A Intervenção Federal no Rio de Janeiro revela a persistência da matriz colonial, que impacta de maneira diferenciada corpos periféricos e não periféricos em uma realidade violenta. Essa violência é perpetuada por táticas de controle social, como a militarização das forças de segurança.
Palavras-chave: Colonialidade; Militarização; Rio de Janeiro.

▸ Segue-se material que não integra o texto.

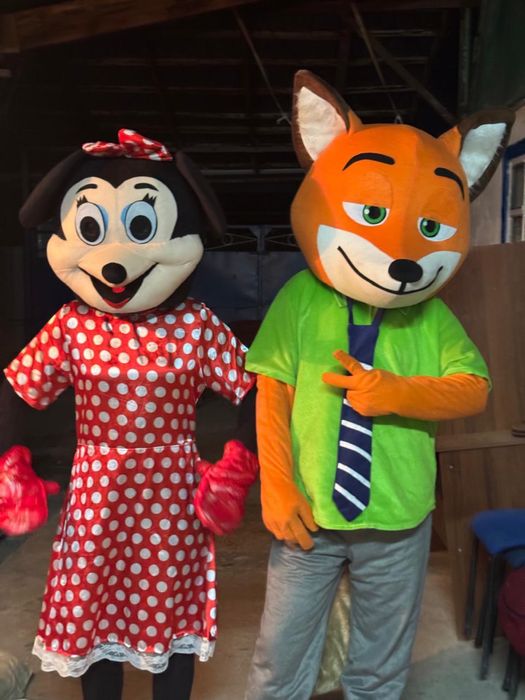 Продам ростовые костюмы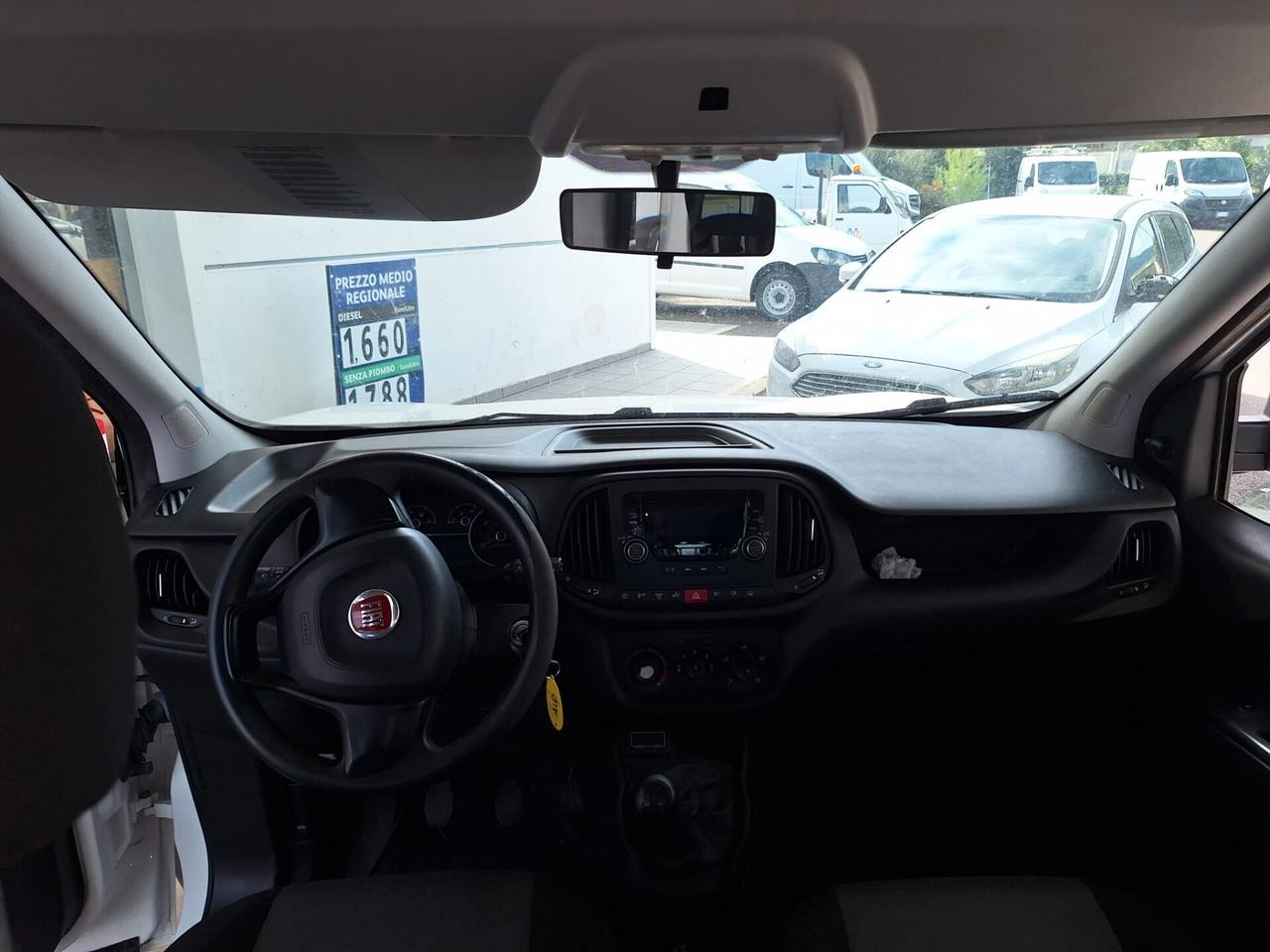 FIAT DOBLO' COMBI 5POSTI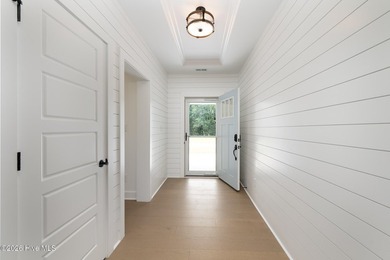 Beautifully maintained and thoughtfully designed, this 2 - photo 7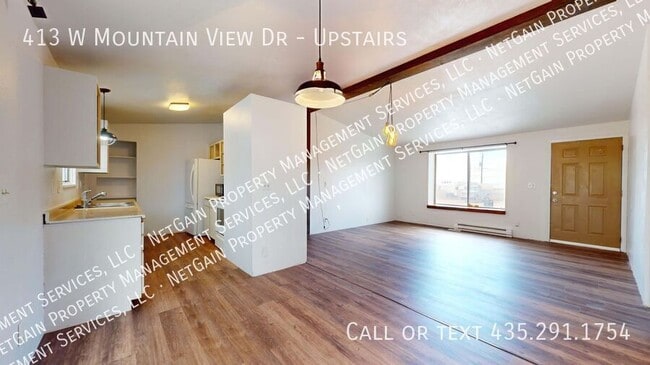 Building Photo - Pet friendly 3 bedroom Upstairs Apartment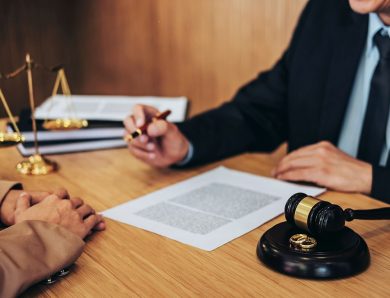 How Do You Select The Finest Divorce Attorney?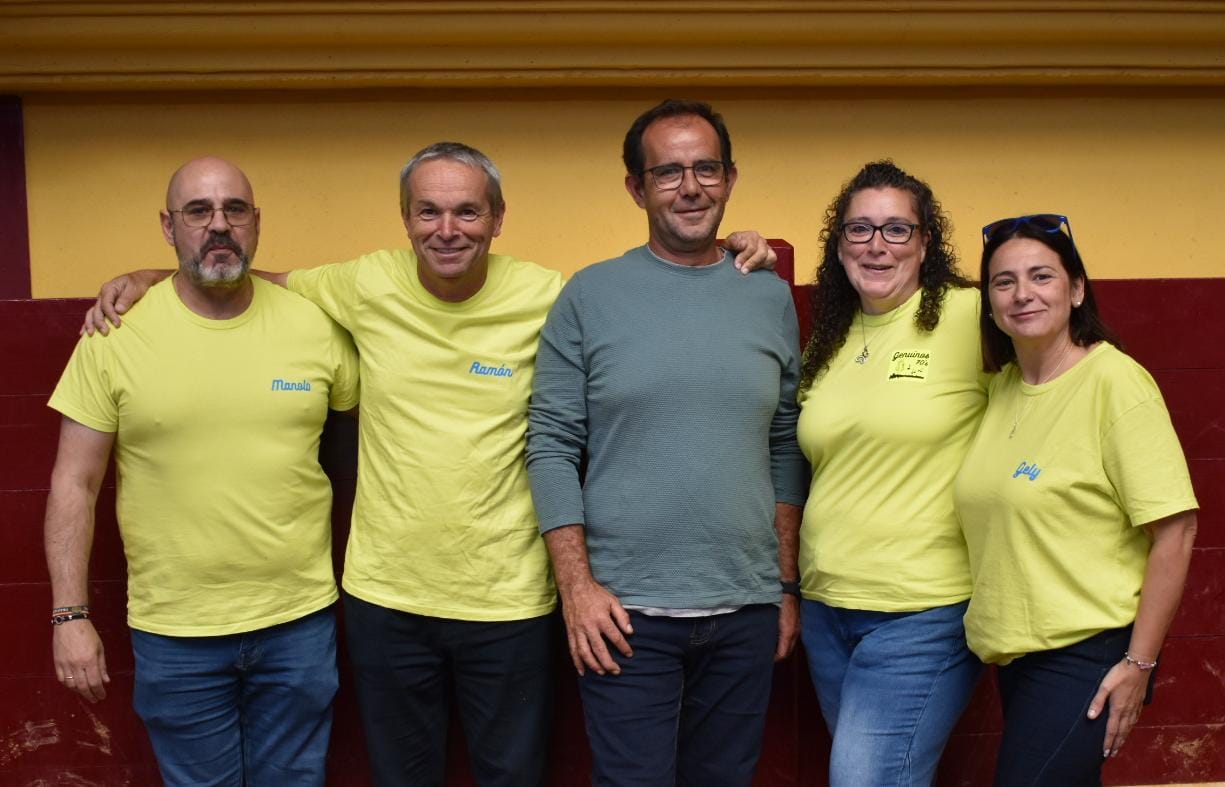 Alegría, fiesta y ambiente sin fin por las calles de Alba de Tormes con el Día de las Peñas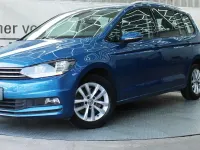 Gebraucht VW Touran 150 PS (110 kW) 2018 Carribean blue Van / Kleinbus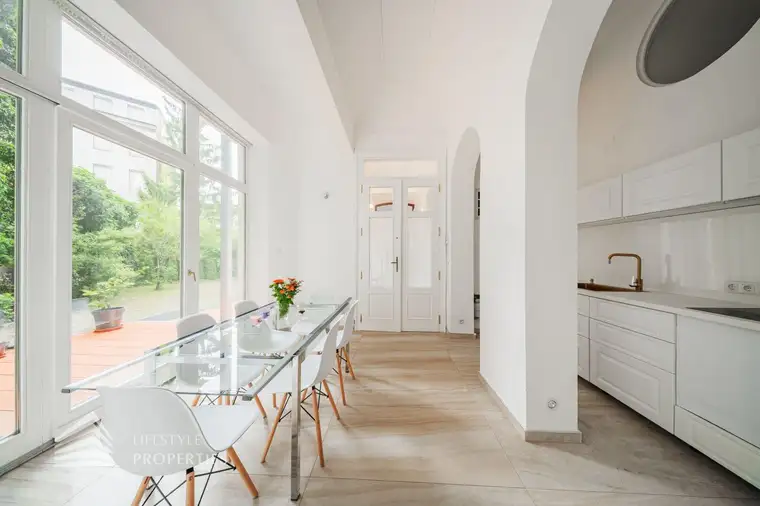 Luxuriöse Gartenwohnung in Stilaltbau – Grünes Refugium im Herzen von 1080 Wien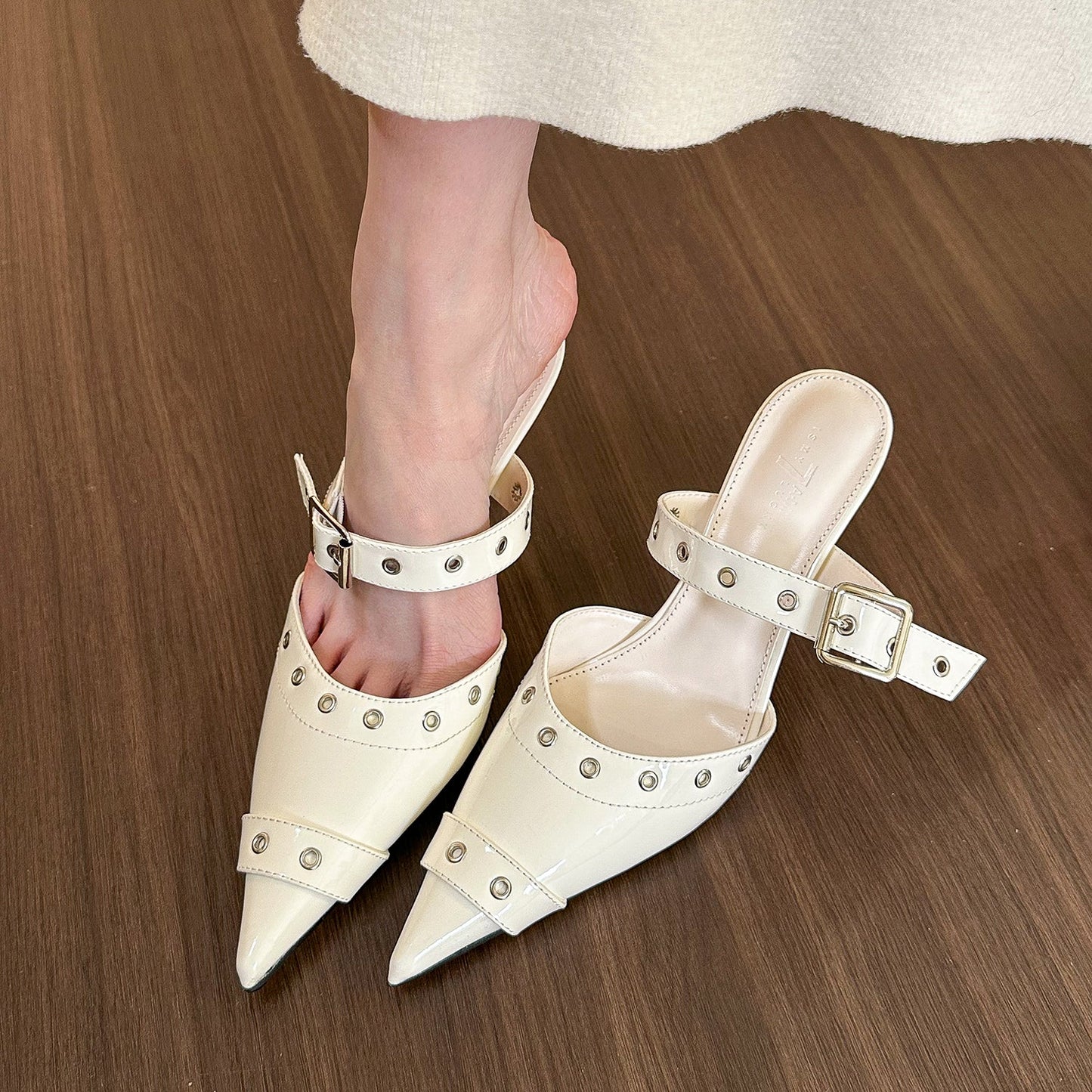Escarpins à bride arrière pour femmes, bout pointu, décor clouté berg-feldt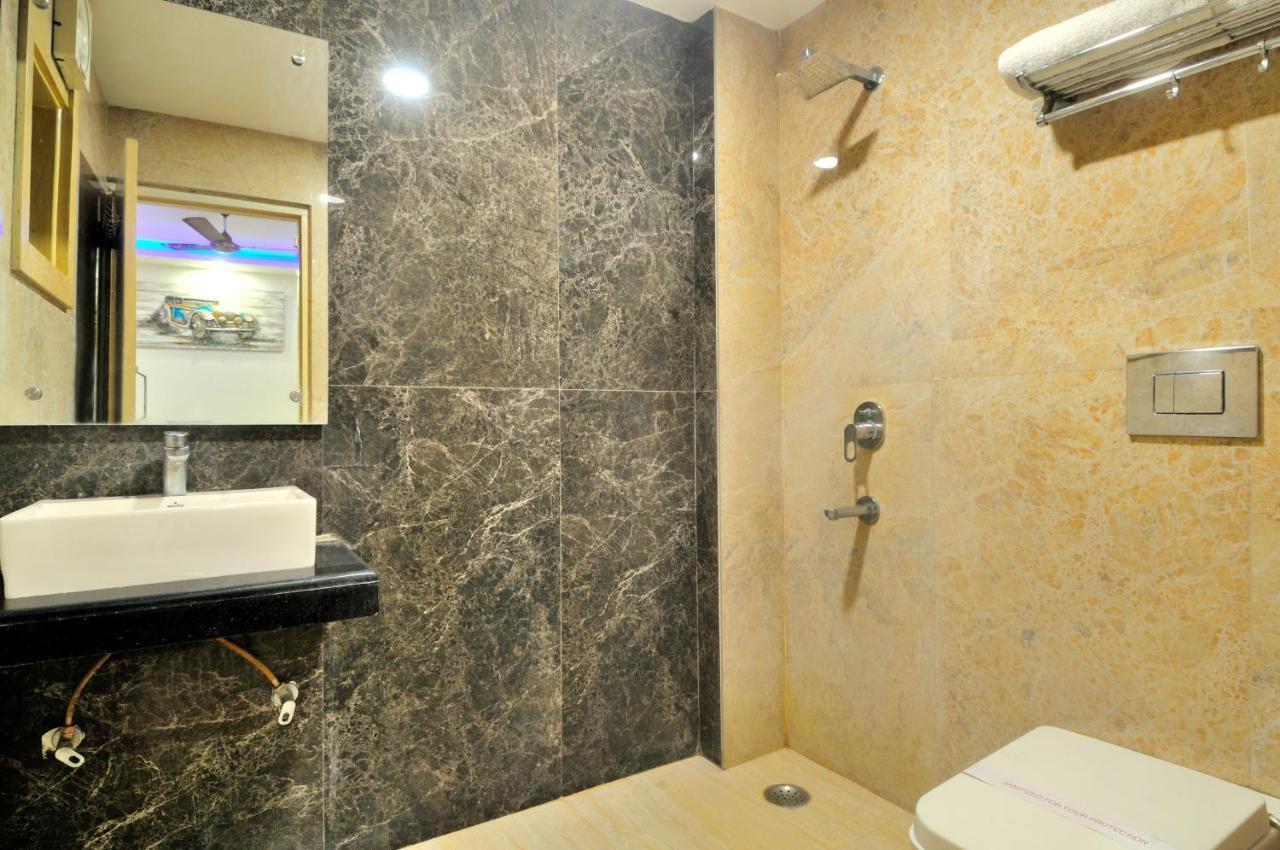 Palace Deluxe - Paharganj - 3*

A estrutura colonial estabelecida no Brasil gerou impactos sociais e políticos que reverberam até os dias de hoje, especialmente nos territórios periféricos, que são tratados como espaços de exceção (Mallmann; Rodrigues, 2019). A matriz de poder colonial persiste, e suas sequelas são visíveis, com os sujeitos explorados, pobres e negros, sendo tratados como ameaças à segurança e tendo seus direitos violados (Mignolo, 2000). Grosfoguel observa que a perspectiva colonial via as zonas periféricas como problemáticas, justificando intervenções políticas e militares, como as operações no Rio de Janeiro, sob a premissa de uma “missão civilizadora” (Grosfoguel, 2008). Hoje, esses indivíduos são apontados como inimigos e ameaças, perpetuando um ciclo de exploração e dominação.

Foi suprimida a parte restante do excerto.